**To do**
Each line from the one containing "Ian Schrager (left)" through the last line of the data below should be printed exactly, please, with any pictures omitted.

Records from a collection
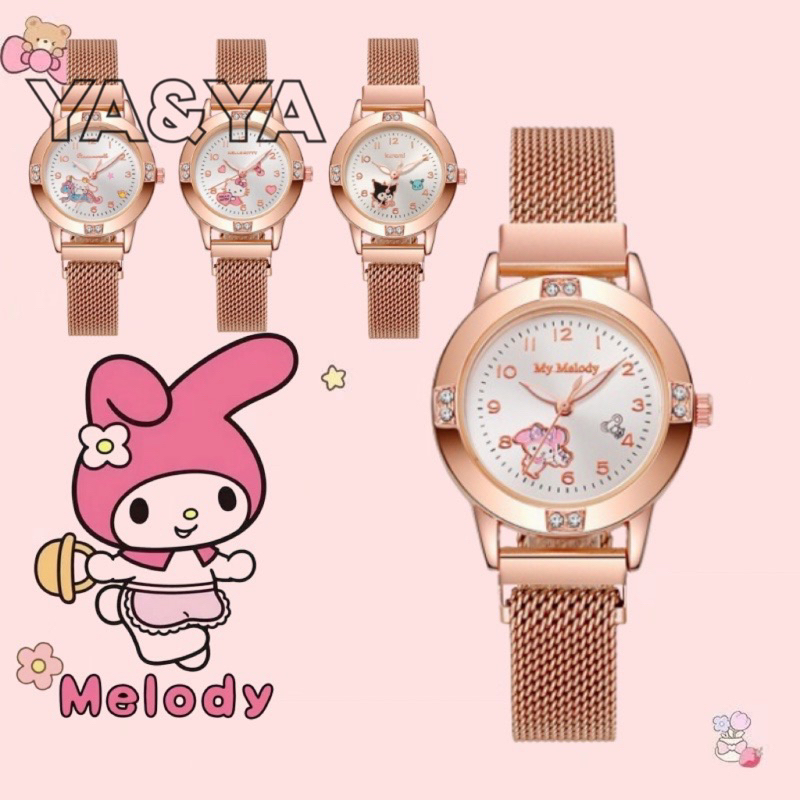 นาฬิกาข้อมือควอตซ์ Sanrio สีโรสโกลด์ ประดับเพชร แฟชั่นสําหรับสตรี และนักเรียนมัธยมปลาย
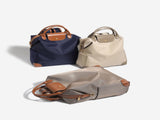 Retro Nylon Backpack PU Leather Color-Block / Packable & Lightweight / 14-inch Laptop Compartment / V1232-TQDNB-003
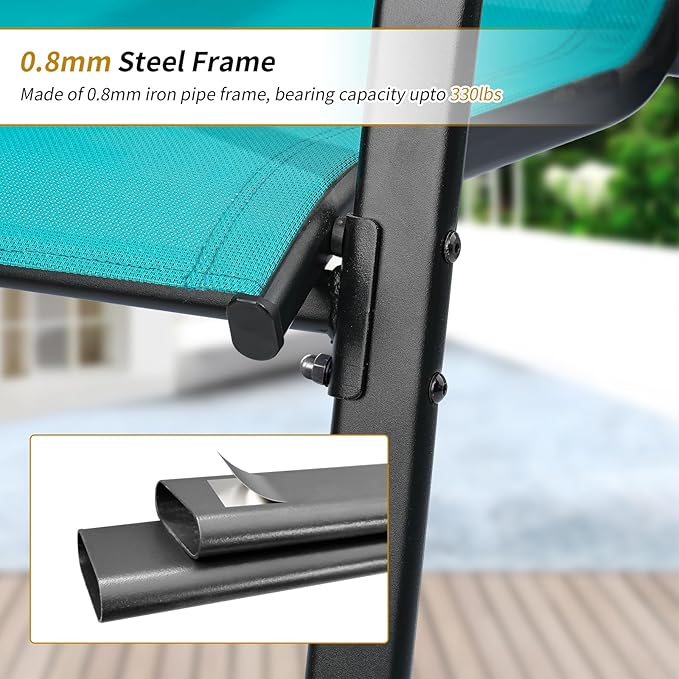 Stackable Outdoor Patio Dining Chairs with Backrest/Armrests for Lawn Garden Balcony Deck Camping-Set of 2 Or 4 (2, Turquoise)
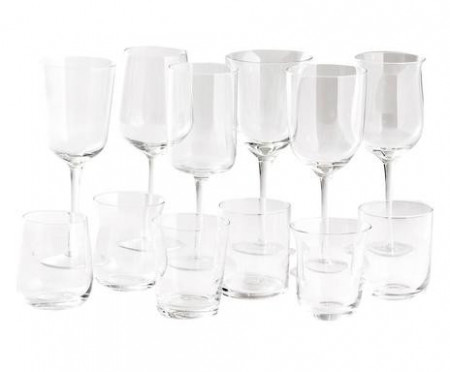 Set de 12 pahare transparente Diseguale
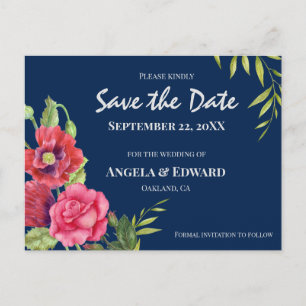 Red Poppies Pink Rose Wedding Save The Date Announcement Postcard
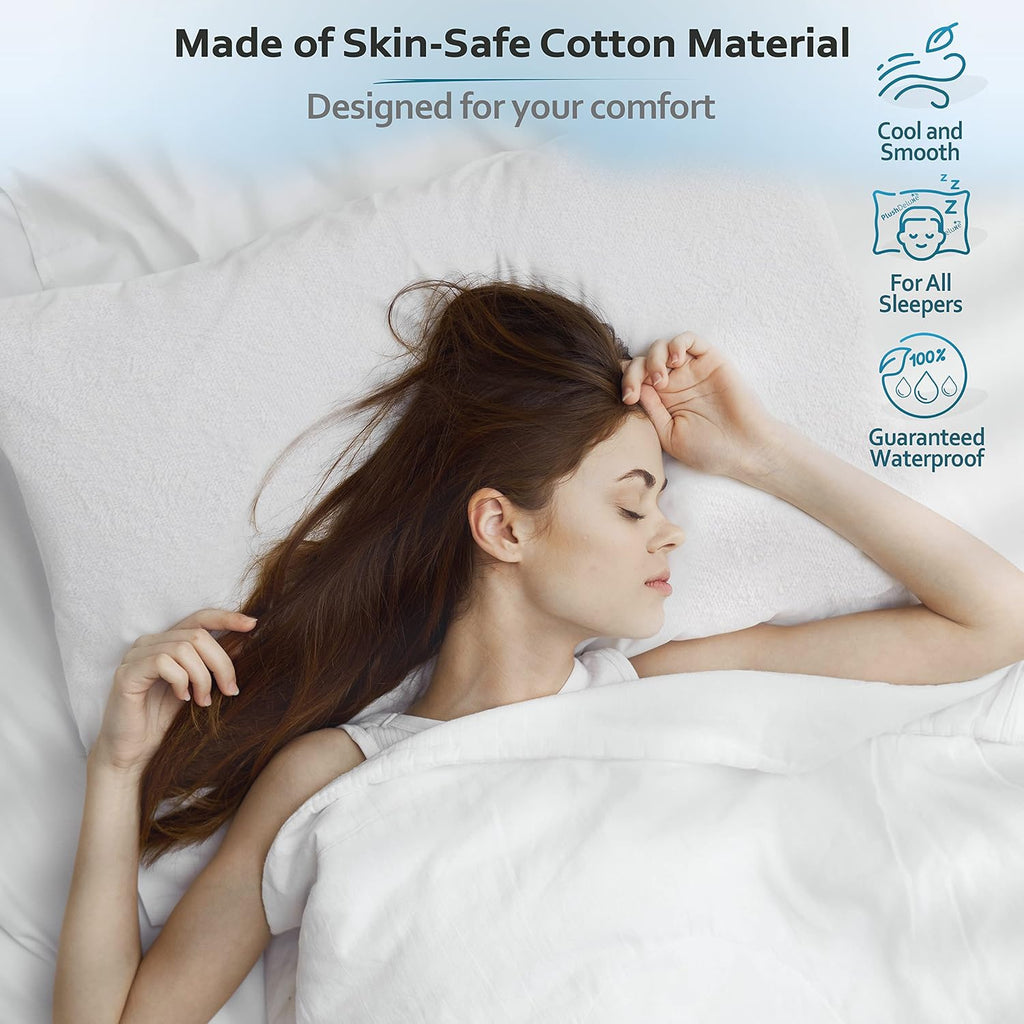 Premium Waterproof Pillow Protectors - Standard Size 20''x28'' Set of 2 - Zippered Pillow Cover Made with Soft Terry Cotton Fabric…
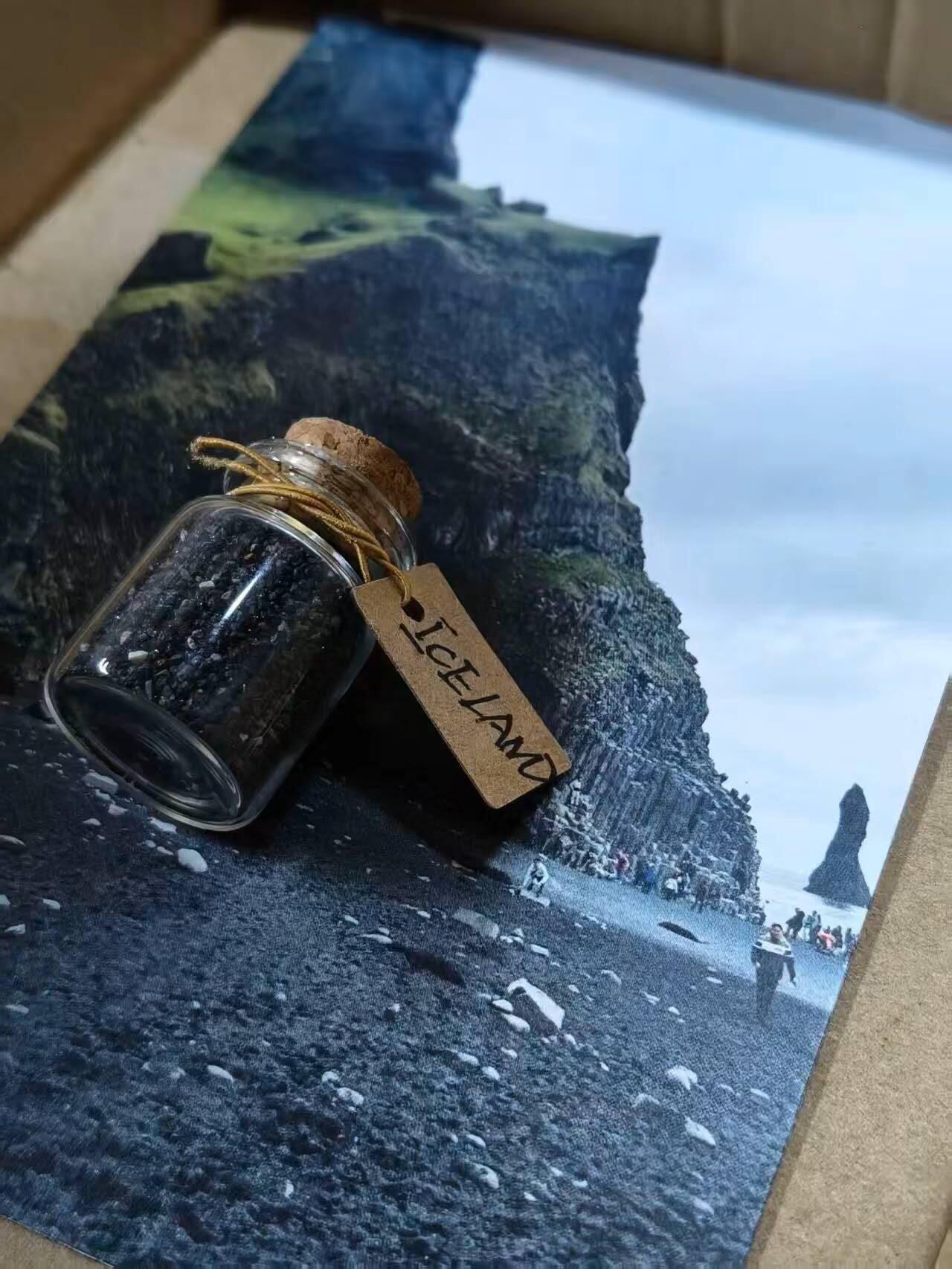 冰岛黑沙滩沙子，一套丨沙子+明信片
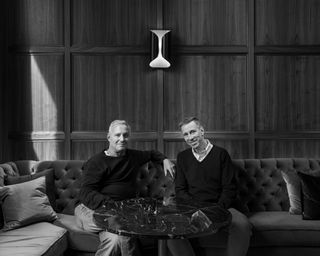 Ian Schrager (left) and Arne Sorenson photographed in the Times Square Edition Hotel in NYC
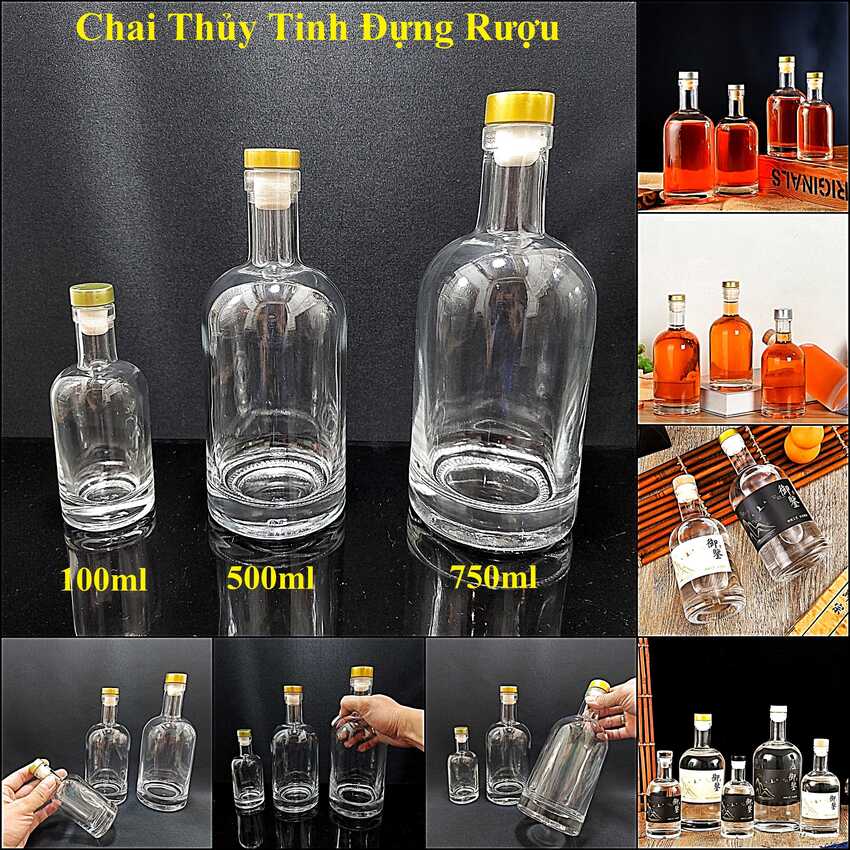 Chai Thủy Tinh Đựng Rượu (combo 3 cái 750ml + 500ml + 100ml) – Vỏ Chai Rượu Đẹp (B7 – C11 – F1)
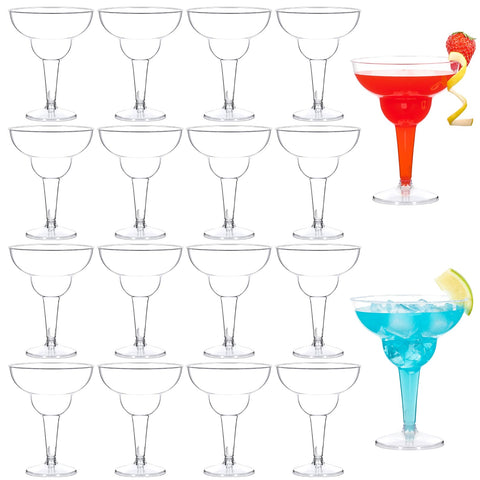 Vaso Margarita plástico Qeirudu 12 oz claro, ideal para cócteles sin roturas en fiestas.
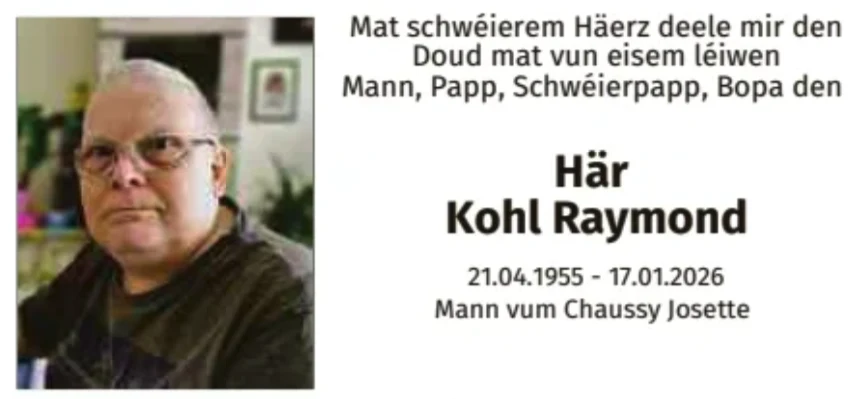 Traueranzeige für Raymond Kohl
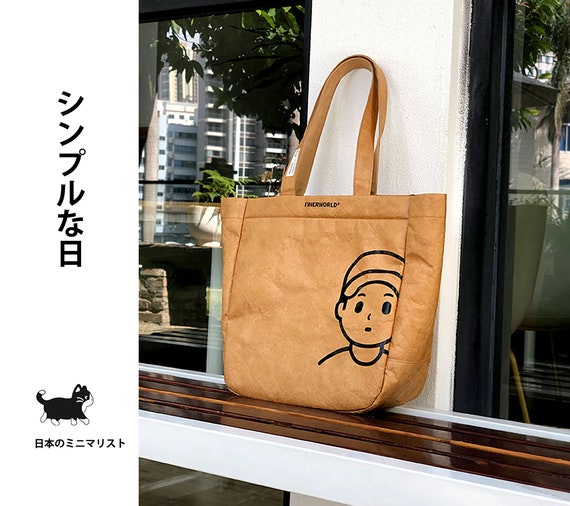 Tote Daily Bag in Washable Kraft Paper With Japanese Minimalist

**Answer box**
 Ian Schrager (left) and Arne Sorenson photographed in the Times Square Edition Hotel in NYC
 Chai Thủy Tinh Đựng Rượu (combo 3 cái 750ml + 500ml + 100ml) – Vỏ Chai Rượu Đẹp (B7 – C11 – F1)
 Vaso Margarita plástico Qeirudu 12 oz claro, ideal para cócteles sin roturas en fiestas.
 Traueranzeige für Raymond Kohl
 Tote Daily Bag in Washable Kraft Paper With Japanese Minimalist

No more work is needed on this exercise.